# Problem statement
Output only the lines from the line holding "中欧体育娱乐在线登入-这也行" through the close of the records, exactly as they appear, with all pictures omitted.
-- Opening Marker --
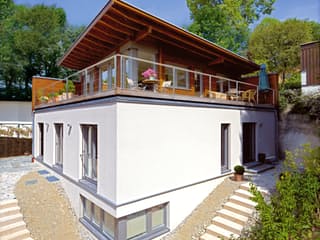 Fertighaus Herrsching von Regnauer Hausbau Schlüsselfertig ab 418235€, Pultdachhaus Außenansicht 2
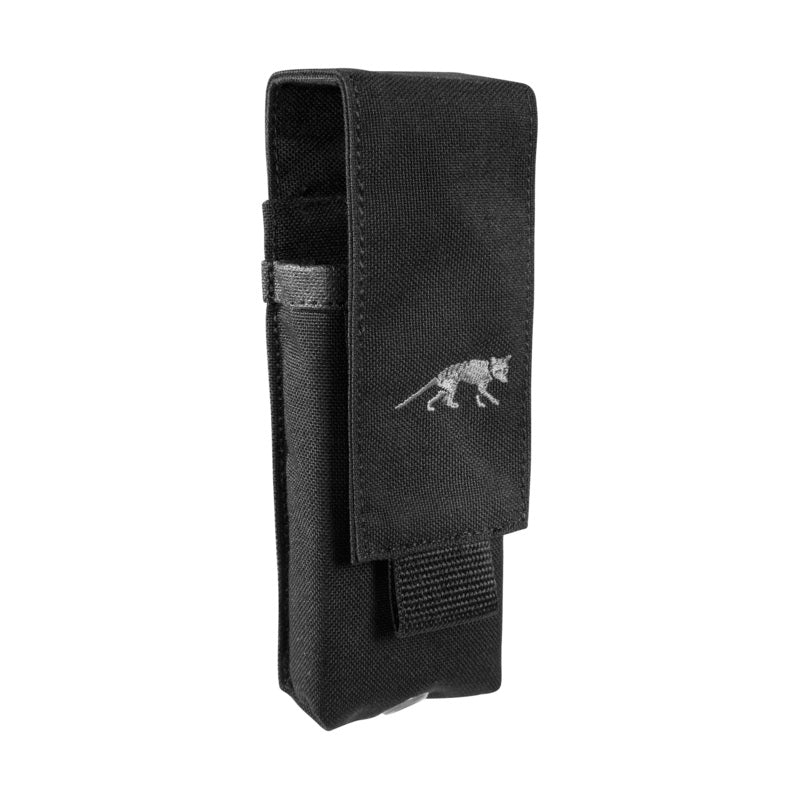 Schwarze taktische Tasche aus robustem Material mit Klappe und Klettverschluss, dezentes Tasmanian Tiger-Logo vorne.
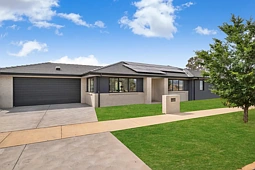 15 Bob Whan Street, Strathnairn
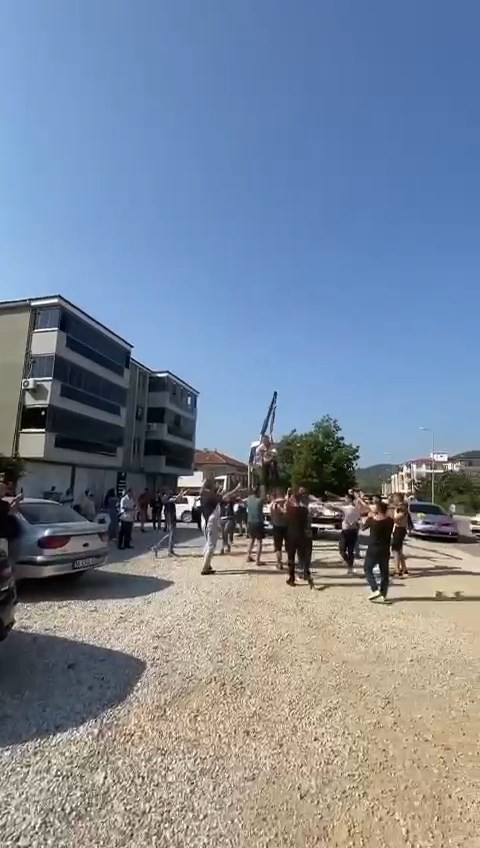 Bursa’da ilginç gelenek..Damadı vinçte sallandırdılar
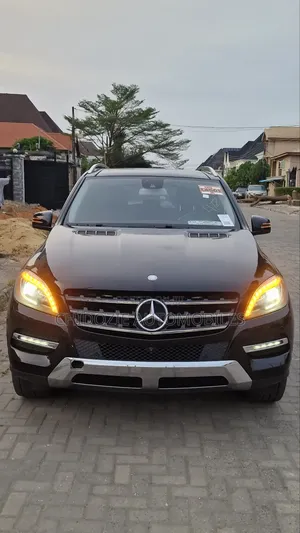 Mercedes-Benz M Class ML350 4MATIC 4dr SUV AWD (3.5L 6cyl 7A) 2015
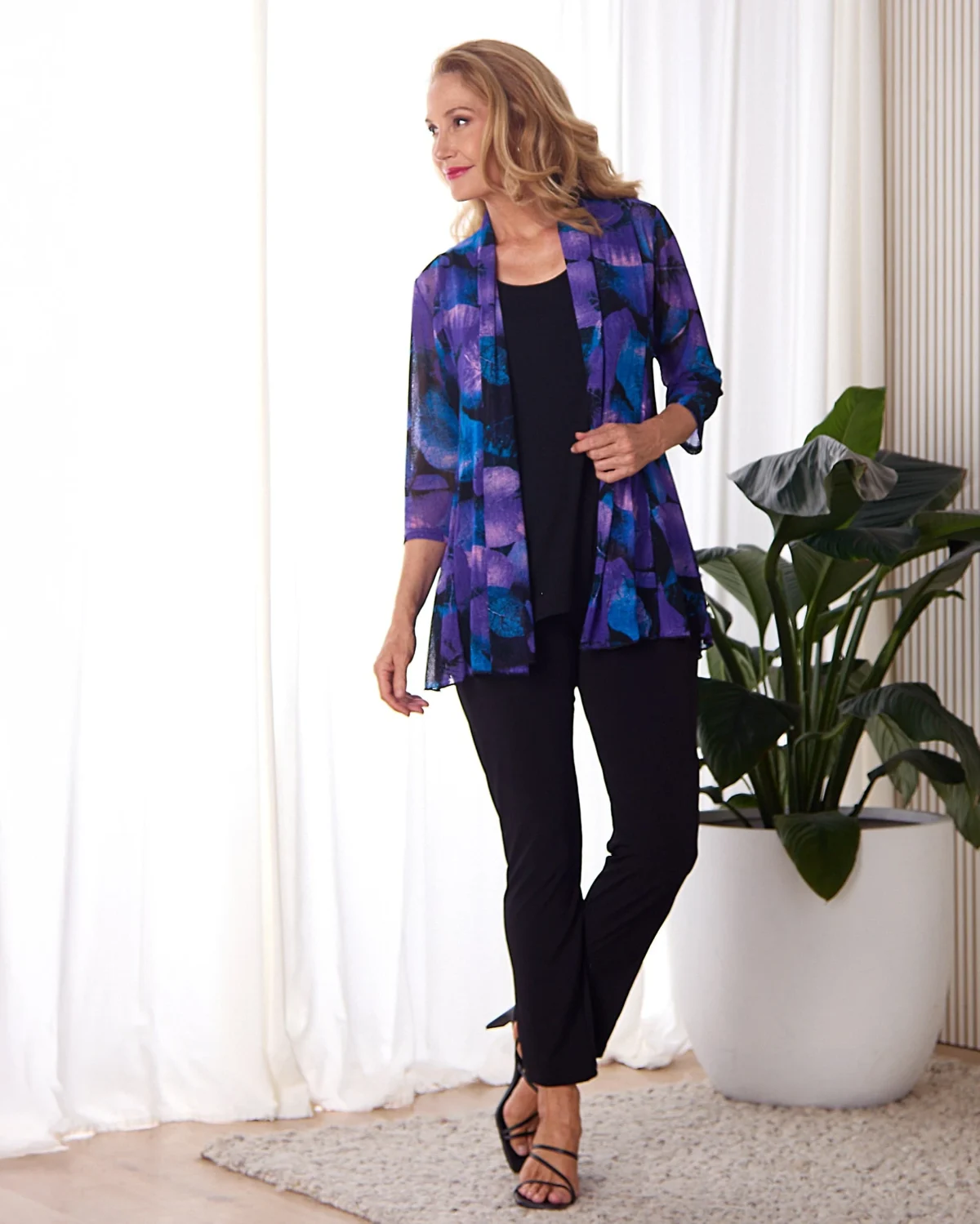 Lexie_Easy_Fit_Jacket_Purple_Blue_Aisle2_V45_46_01590_15849_carolyn.webp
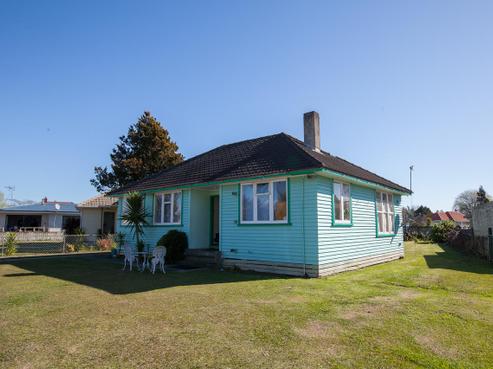 11 Montgomery Crescent, Bader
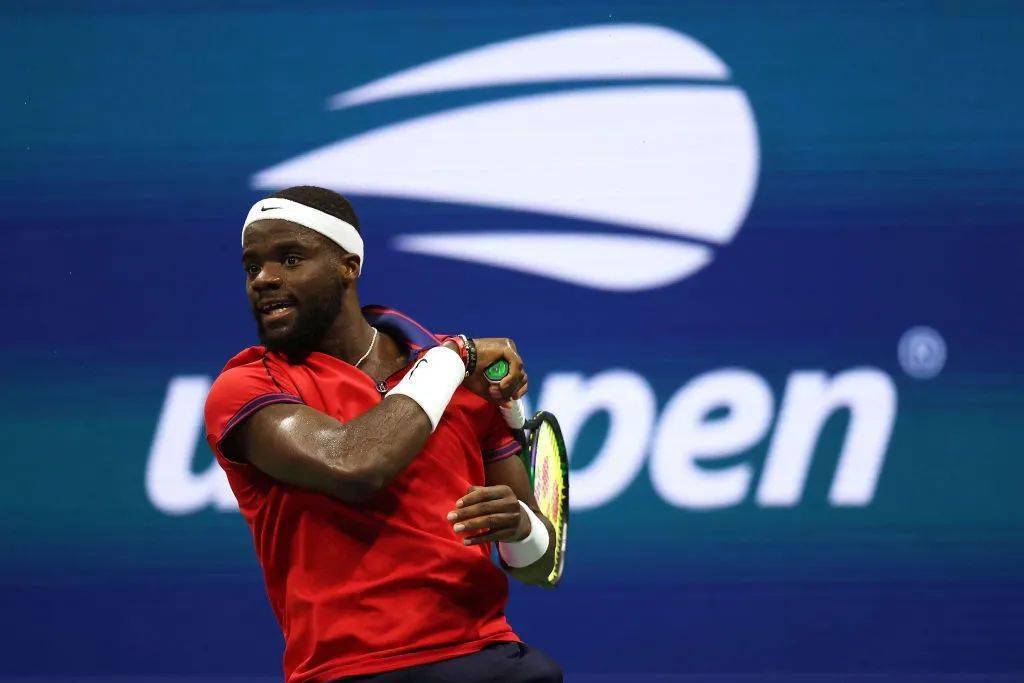 中欧体育娱乐在线登入-这也行？风云突变山东泰山转会期官宣签约穆古鲁扎在DWG比赛中爆冷，赛前波特兰开拓者备战意大利杯的简单介绍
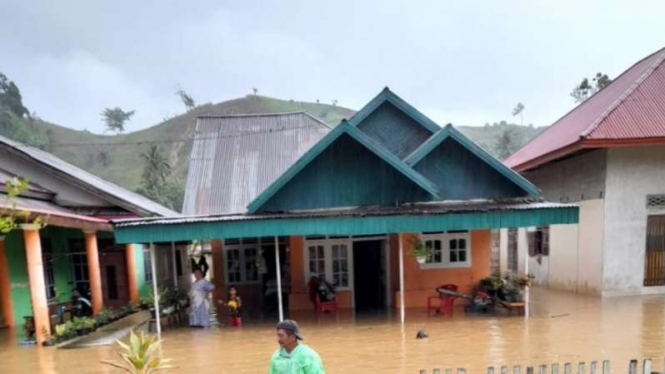 Banjir merendam permukiman dan akses jalan lintas Sulawesi di Desa Bualo dan Didingga, Kecamatan Biau, Kabupaten Gorontalo Utara, Provinsi Gorontalo.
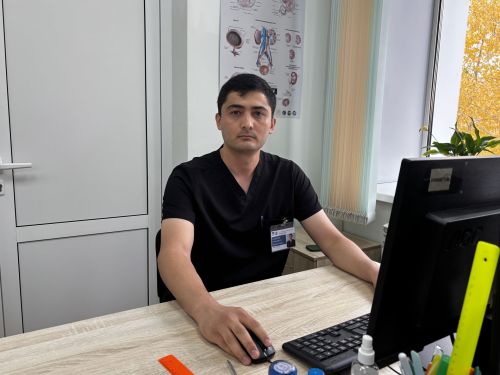 Врач, для которого Мамадыш стал домом: история уролога Омаджона Шодиева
-- Closing Marker --
# Written answer
 中欧体育娱乐在线登入-这也行？风云突变山东泰山转会期官宣签约穆古鲁扎在DWG比赛中爆冷，赛前波特兰开拓者备战意大利杯的简单介绍
 Banjir merendam permukiman dan akses jalan lintas Sulawesi di Desa Bualo dan Didingga, Kecamatan Biau, Kabupaten Gorontalo Utara, Provinsi Gorontalo.
 Врач, для которого Мамадыш стал домом: история уролога Омаджона Шодиева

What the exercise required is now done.